Interview with Valeria Duca

Did you ever think about what makes artists different from the other people? I thought about this before I was going to interview Valeria Duca – a young, but already very successful artist. At her 16 she has already achieved what people are striving for their entire life. After the interview, the answer to my question came naturally: harmony and positive energy. Possibly this is Valeria’s own characteristic. I received immense pleasure talking to her and I hope you’ll feel the same while reading this interview.

EK:          Valeria, this is not your first interview with Allfun. The last one happened about a year ago. What happened in your life since then? What changed?

VD:         I had a very full year. Many things happened. I think it is worth talking about the most important event which I took part it – the Venice Biennale. This exhibition has a history of 116 years, and this is the first time Moldova was part of it. I hoped to present my works there since my very first exhibition in Italy. A year before the Biennale, I applied and they accepted me very soon after. This successful application was a significant step forward. The most talented artists from the entire world and being among them was an honour for me.


EK:          What do you feel when you open an exhibition?

VD:         It is difficult to describe my emotions in words. These are the moments when I am truly happy. I remember a case – before the opening of the exhibition that I had in Venice, a woman came in to look at the works. She stayed a relatively long time and then suddenly burst into tears. It turned out later that a few years ago she moved from Moldova to Italy, and my paintings ‘Grandfather’ and ‘Sunflowers’ reminded her of the home which she missed. Even now when I talk about this the emotions come back to me. This exhibition was good not only for my career. It made me understand that I’m on the right track. If the paintings have the power to connect so strongly with the viewers, and send a message, it means that this is not in vain.

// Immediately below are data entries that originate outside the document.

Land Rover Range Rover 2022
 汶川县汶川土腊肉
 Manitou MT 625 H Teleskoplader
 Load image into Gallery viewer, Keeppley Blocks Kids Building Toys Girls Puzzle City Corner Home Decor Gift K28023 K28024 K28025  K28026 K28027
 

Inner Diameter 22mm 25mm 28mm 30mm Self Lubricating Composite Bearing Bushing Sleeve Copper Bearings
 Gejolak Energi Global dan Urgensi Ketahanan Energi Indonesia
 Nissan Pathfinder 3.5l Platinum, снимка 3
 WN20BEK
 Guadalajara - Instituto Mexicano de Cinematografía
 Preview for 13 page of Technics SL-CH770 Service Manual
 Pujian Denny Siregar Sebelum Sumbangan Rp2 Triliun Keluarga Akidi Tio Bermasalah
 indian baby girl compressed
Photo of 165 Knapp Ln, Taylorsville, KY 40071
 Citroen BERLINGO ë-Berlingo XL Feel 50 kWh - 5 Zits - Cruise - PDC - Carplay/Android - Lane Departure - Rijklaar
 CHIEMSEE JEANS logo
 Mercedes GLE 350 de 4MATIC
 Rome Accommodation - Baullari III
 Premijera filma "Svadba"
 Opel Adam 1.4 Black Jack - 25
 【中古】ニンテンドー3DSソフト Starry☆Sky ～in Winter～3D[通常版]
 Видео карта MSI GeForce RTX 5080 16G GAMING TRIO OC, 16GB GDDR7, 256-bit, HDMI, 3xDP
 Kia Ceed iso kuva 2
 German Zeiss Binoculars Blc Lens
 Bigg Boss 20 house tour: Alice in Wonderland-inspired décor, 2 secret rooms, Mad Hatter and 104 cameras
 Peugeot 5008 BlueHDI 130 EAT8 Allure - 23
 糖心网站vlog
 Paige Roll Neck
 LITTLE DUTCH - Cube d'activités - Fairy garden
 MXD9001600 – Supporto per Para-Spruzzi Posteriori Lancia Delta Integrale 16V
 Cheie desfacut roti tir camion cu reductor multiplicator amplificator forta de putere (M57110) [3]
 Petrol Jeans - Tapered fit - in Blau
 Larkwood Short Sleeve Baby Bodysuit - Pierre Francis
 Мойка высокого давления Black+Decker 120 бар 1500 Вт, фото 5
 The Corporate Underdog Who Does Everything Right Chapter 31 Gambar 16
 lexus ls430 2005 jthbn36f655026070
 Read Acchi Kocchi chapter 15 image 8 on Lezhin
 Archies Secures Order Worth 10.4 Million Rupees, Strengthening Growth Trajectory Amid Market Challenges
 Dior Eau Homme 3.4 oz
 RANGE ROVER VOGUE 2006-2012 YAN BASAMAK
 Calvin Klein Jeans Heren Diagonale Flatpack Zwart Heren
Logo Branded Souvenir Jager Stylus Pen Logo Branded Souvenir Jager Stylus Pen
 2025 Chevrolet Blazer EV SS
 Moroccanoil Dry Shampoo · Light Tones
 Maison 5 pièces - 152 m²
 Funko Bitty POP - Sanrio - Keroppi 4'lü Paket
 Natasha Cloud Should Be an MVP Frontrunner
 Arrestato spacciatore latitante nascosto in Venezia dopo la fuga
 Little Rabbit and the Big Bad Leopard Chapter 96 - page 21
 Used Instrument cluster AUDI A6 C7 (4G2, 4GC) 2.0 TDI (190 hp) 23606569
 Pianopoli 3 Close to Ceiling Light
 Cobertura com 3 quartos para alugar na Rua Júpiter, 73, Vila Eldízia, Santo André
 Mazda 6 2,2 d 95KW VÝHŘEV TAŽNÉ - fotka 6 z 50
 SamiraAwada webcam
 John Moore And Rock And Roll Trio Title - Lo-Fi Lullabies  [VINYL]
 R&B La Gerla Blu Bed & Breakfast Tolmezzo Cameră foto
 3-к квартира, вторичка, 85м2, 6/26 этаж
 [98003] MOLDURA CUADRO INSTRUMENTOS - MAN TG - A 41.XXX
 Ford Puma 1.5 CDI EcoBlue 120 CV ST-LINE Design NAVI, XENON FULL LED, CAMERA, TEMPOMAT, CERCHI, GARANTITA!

EK:          Do you visit other artists’ exhibitions? Who are the painters that inspire you?

VD:         Yes, every time I get the occasion. The most impressive exhibition I’ve seen was that of Titian. I happened to be there by chance, when I was visiting Vienna with my family. It was very luck, as we caught the last day of the exhibition.

                I could stand for hours in front of the Old Master’s works. Their paintings mesmerize you; it’s true art. Everything depicted feels so real, so natural, everything is in the right place. There’s always harmony in their works.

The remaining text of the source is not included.